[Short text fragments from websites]
◇ ◇ ◇ ◇
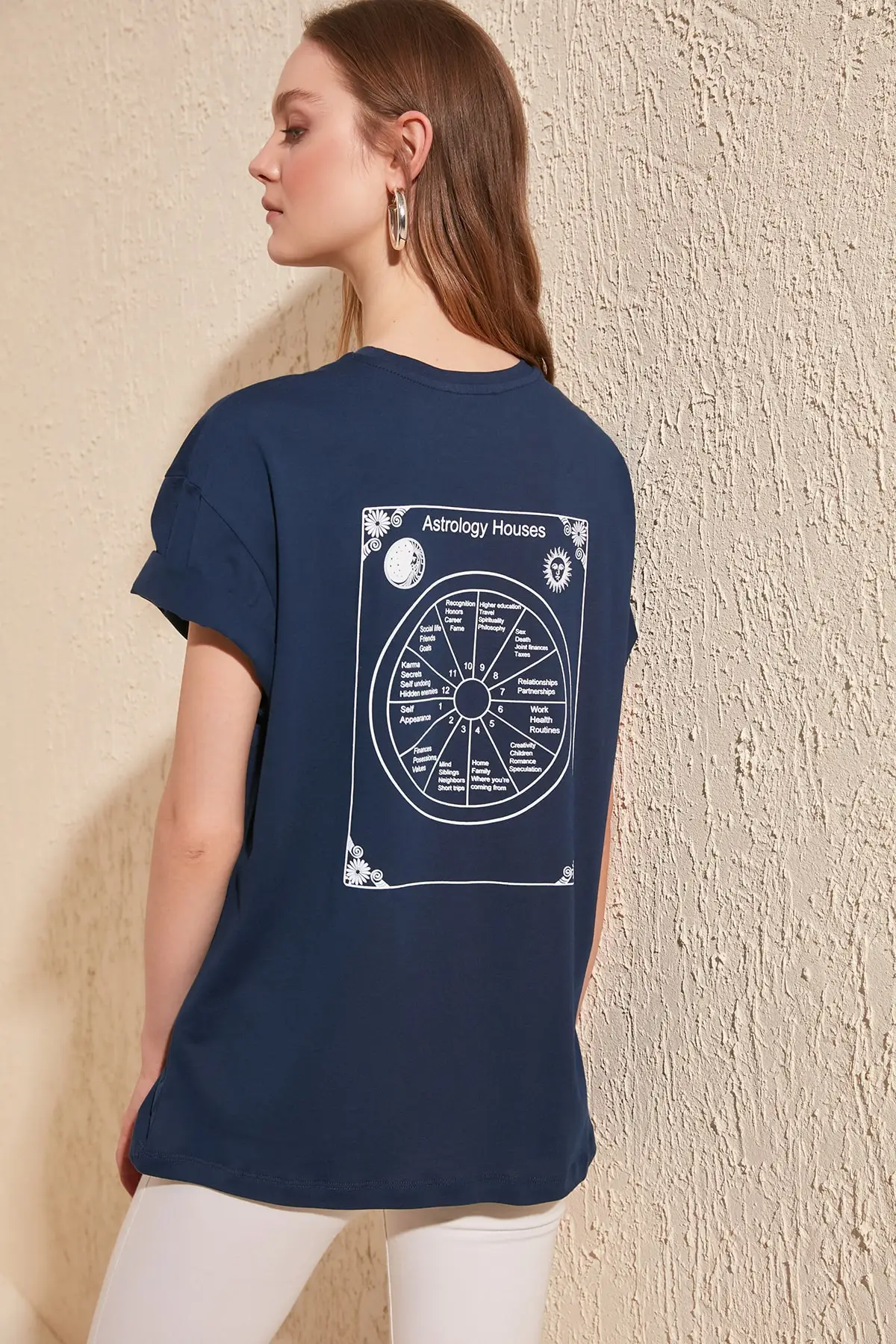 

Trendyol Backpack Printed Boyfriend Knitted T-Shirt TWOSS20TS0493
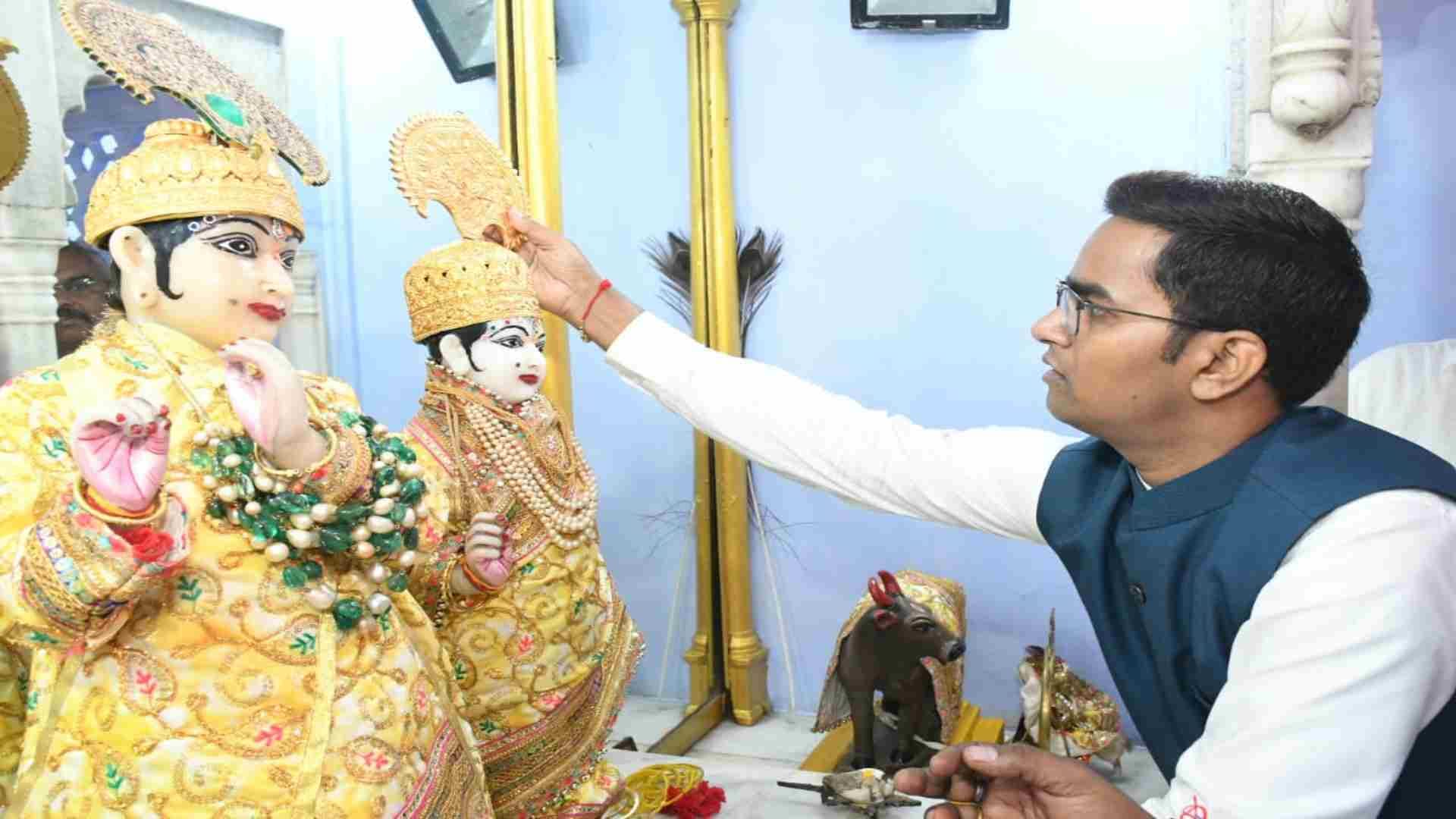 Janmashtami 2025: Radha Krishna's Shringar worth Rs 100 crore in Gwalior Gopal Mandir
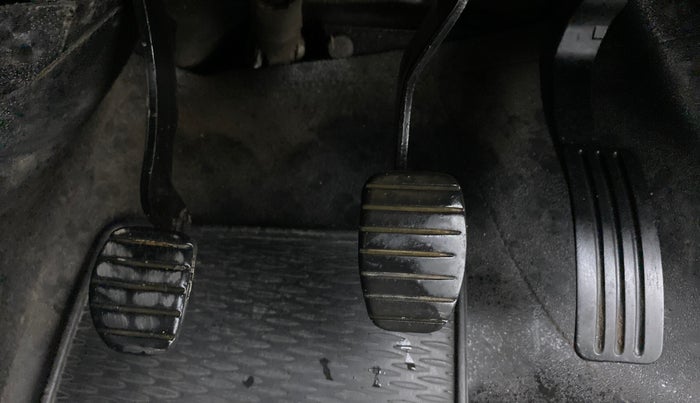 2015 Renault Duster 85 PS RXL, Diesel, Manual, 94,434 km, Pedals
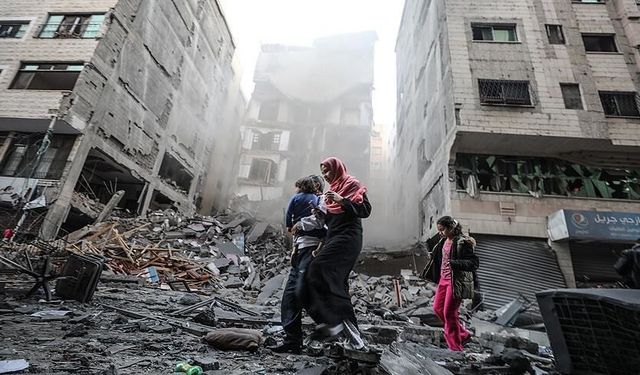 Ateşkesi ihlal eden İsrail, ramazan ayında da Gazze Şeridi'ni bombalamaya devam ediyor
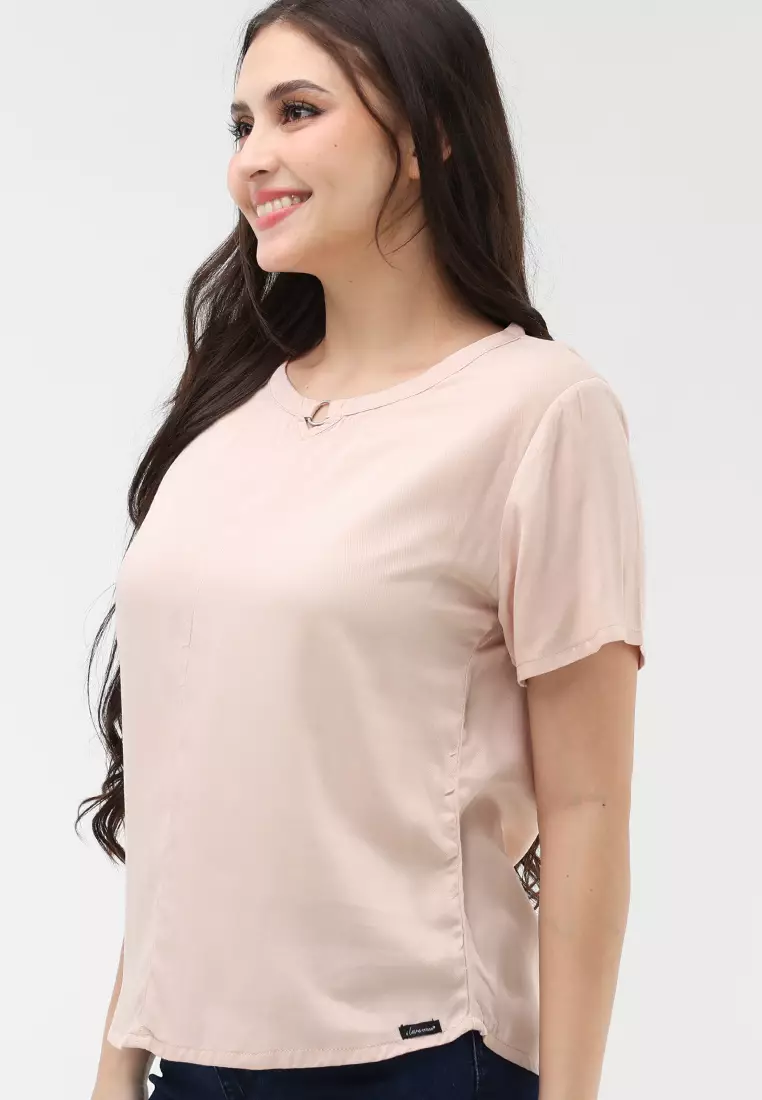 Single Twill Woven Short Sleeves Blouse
◇ ◇ ◇ ◇
**WHAT YOU HAVE TO DO**
Pictures should be omitted. Please return exactly the lines from the line that holds "Ateşkesi ihlal eden" through the end of the records.

**YOUR SOLUTION**
 Ateşkesi ihlal eden İsrail, ramazan ayında da Gazze Şeridi'ni bombalamaya devam ediyor
 Single Twill Woven Short Sleeves Blouse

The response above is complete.